Week 4 Part 2: Nextgen Sequence Quality Control

Molb 4485/5485 – Computers in Biology

Nicolas Blouin and Vikram Chhatre

Wyoming INBRE Bioinformatics Core
Dept. of Molecular Biology
University of Wyoming
nblouin@uwyo.edu
vchhatre@uwyo.edu
http://molb4485.uwyo.online

Part 2

2.2 Sequence Quality Control with Trimmomatic

There are a lot of trimming tools. The one we will use today is called Trimmomatic. You can see its user manual by clicking on this link.

We need to decide how we want to trim. Note Trimmomatic trims in the order the commands are given.

In the case of the ERR reads from the 1000 Genomes (Human) project, we will want to trim the first 15 bps from the 5’-end (beginning of the sequence) as well as low quality reads. Then we will remove any remaining short sequences.

Note: Trimmomatic will remove duplicates as well. Normally, for genome assembly this is something that we would do. However in the interest of time we will skip this step. Please review the Trimmomatic manual for all of the settings and suggestions.
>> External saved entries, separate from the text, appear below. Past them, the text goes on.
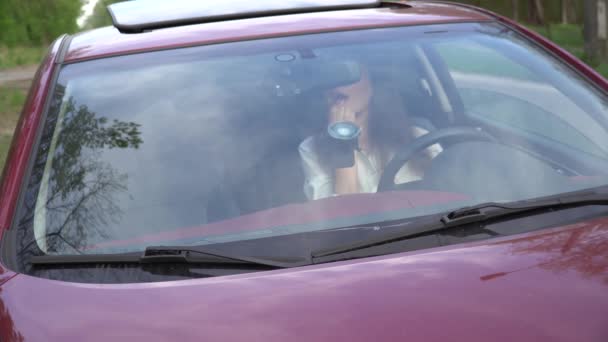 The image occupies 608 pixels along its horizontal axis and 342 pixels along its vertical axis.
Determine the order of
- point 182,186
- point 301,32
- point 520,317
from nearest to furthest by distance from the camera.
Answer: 1. point 520,317
2. point 182,186
3. point 301,32

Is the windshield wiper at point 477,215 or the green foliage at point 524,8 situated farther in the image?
the green foliage at point 524,8

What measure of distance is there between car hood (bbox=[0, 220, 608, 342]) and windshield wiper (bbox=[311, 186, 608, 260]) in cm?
9

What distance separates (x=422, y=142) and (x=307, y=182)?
412 millimetres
Now we can build our job command. Below you will see a new symbol (\) that allows us to use line breaks. Whenever the computer sees this symbol \, it knows you are finishing your command on the following line. After each \ hit the enter key and keep typing. Let’s make a batch script (also called a shell or shell script) using your text editor (vim). Call this shell script Trim.sh

#!/bin/bash
#SBATCH -J Trim
#SBATCH -n 1
#SBATCH --cpus-per-task=4
#SBATCH -t 30:00
#SBATCH --mail-type=ALL
#SBATCH --mail-user=<your email address>
#SBATCH --account=inbre-train

echo "Loading required modules"

module load swset gcc trimmomatic

echo "Following modules have been loaded:"
module list

echo "Initiating Trimmomatic Run at $(date)"

trimmomatic PE \
    -threads 4 \
    ERR013161_1.filt.fastq.gz ERR013161_2.filt.fastq.gz \
    ./fwd_pair.fq ./fwd_unpair.fq ./rev_pair.fq ./rev_unpair.fq \
    HEADCROP:10 \
    SLIDINGWINDOW:4:24 \
    MINLEN:80

echo "Completed Trimmomatic Run at $(date)"

2.3 Task: Compare Trimmed Reads to Raw, Un-Trimmed Reads

  1. Run FastQC on the trimmed paired-end reads (only the two “pair” files i.e. fwd_pair and rev_pair). You may ignore the unpair files.

  2. Download the html files (scp) and look at them. What are at least 3 things that have changed? We encourage you to chat with your neighbors.

  3. Look in your slurm.out file to see how many reads were removed in your trim. What are some different choices, if any, you might make if this were your data? You might need to look at the User Manual for Trimmomatic for ideas.